Serves 4 | Preparation/cooking time: 45 mins | Resting time: 40 mins | Difficulty: medium | Cannot be frozen
Ingredients
For the pancakes
1 tsp caster (superfine) sugar
1/2 tsp active dry yeast
300ml warm water
350g wholewheat flour
70g plain flour
1 pinch salt
Vegetable oil, for frying
For the filling
350g mascarpone
60g honey
1 tbsp orange flower water
To garnish
170g pistachios, shelled and chopped
3-4 tbsp dried edible rose petals, chopped
Method
1. To make the pancakes, stir the sugar and yeast into the warm water in a small jug. Set aside in a warm place for 10 minutes.
2. Sift together the flours and salt in a large bowl.
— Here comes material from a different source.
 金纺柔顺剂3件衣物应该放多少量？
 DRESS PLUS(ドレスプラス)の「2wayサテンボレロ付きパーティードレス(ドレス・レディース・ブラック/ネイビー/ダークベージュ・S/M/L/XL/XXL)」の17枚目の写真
Add the yeasty water and mix well until smooth. Cover and set aside for 30 minutes.
3. After 30 minutes, give the batter a quick stir. Heat a thin film of oil in a small pancake or crepe pan set over a moderate heat until hot.
4. Add a small ladle of the batter and tilt to coat the surface of the pan with it. Leave to cook for 1 minute until golden brown underneath. Flip and cook for 1 more minute before sliding out of the pan on to a plate. Cover and keep warm as you prepare at least seven more pancakes.
5. To make the filling, once all the pancakes are prepared, beat together the mascarpone, honey and orange flower water for 2 minutes in a large mixing bowl until creamy.
6. To serve, spoon a large mound of the filling on to the right-centre side of the pancakes. Spread some of the filling towards the left edge of the pancakes, all the way to the edges. Fold into horn shapes, leaving the right side of the pancakes open to expose the filling.
7. Press the pistachios and rose petals into the filling, coating the exposed filling in an even layer. Serve immediately for best results.